Please return the lines below verbatim, beginning at the one that has "Lakmé Teknia Deep" and stopping after the one that has "shopcigna.com", and add no other lines.

═══ Data

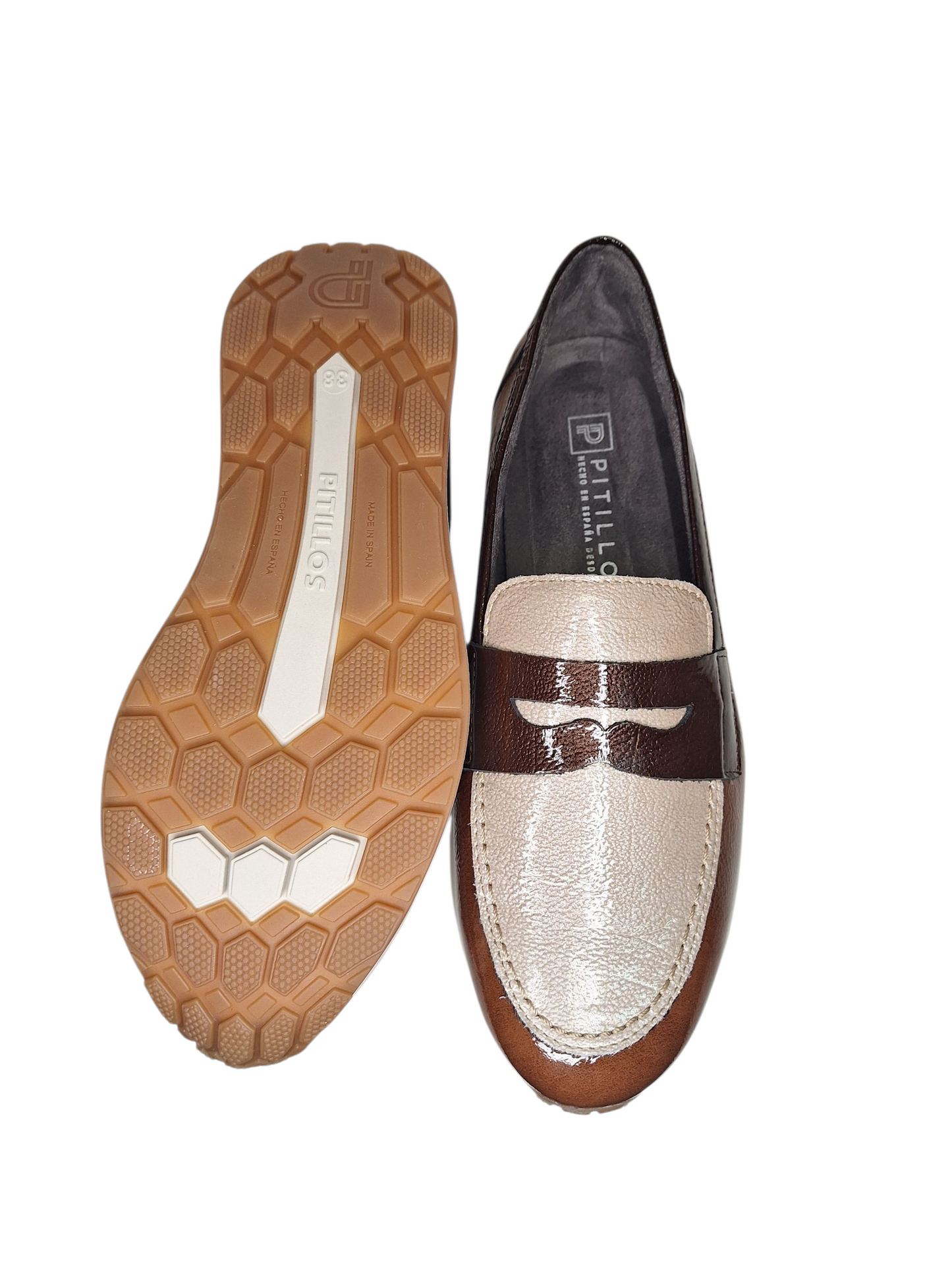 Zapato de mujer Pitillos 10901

══════
═══ Data

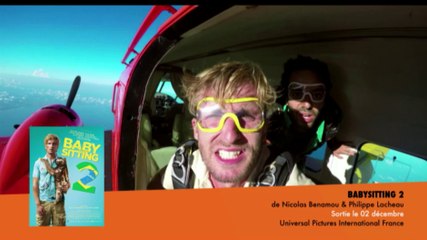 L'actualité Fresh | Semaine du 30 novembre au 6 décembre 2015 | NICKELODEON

══════
═══ Data

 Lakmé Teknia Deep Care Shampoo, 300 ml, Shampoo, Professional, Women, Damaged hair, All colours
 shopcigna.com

══════

§ Answer to the exercise
 Lakmé Teknia Deep Care Shampoo, 300 ml, Shampoo, Professional, Women, Damaged hair, All colours
 shopcigna.com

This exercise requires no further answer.